Mere ecstatic vision is vain and ephemeral, and if like Peter we
wish to fix our feet in that light, we will perish.”
This is the last Sunday in Epiphany, the last Sunday before the
season of Lent begins. It is called Transfiguration Sunday because
of Jesus’ transfiguration on the mountaintop.
This Sunday is also the last Sunday a number of well-loved people
will be worshipping at Mt. Auburn. Claire is moving to New York to
pursue her own faith journey as a serious Zen student. Joy and John
Amidon are moving to Vermont to be nearer family. Steve Wade and his
family are seeking a church closer to home.

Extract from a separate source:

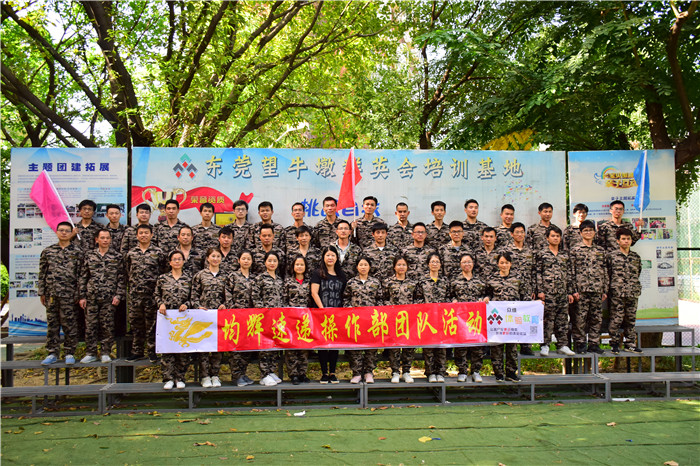 均辉快递团队拓展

There is a sadness in this congregation this Sunday – it feels, for
all the joy of the Dixie Land music – like a valley. Like a death of
sorts We are going to miss all these folks terribly. And it is hard
to speak of mountain top experiences when we are in the valley.
And yet, life does hold both – the mountain-tops and the valleys.
The journey of faith leads us through the valleys to the
mountain-tops and back down to the valley as well.
There is new life waiting for John, Joy, Claire and Steve and his
family.
And there is new life for us, too, as we continue to open ourselves
to the movement of the divine in our lives and in our life together,
and open ourselves to being more fully reflective of the steadfast
love of God in all we do. There is joy in knowing that nothing –
nothing – not even miles and miles and miles – can separate us from
the love of God in Christ.
When one encounters the divine, one is changed.
Thomas Traherne, penned these words in the seventeenth century:
describing the effect of encountering the divine in these words:
“You never enjoy the world aright, till the sea itself floweth in
your veins, till you are clothed with the heavens, and crowned with
the stars: and perceive yourself to be the sole heir of the whole
world, and more than so, because people are in it who are every one
sole heirs as you. Till you can sing and rejoice in delight in God.
as misers do in gold, and Kings in scepters, you can never enjoy the
world.
Till your spirit filleth the whole world, and the stars are your
jewels; till you are as familiar with the ways of God in all Ages as
with your walk and table; till you are intimately acquainted with
that shady nothing out of which the world was made; till you love
people so as to desire their happiness, with a thirst equal to the
zeal of your own; till you delight in God for being good to all: you
never enjoy the world. Till you more feel it than your private
estate, and are more present in the hemisphere, considering the
glories and the beauties there, than in your own house: Till you
remember how lately you were made, and how wonderful it was when you
came into it; and more rejoice in the palace of your glory, than if
it had been made but today morning.”
When one encounters the divine, one is changed. The divine beckons
us to take off our shoes—and enter in. Thanks be to God.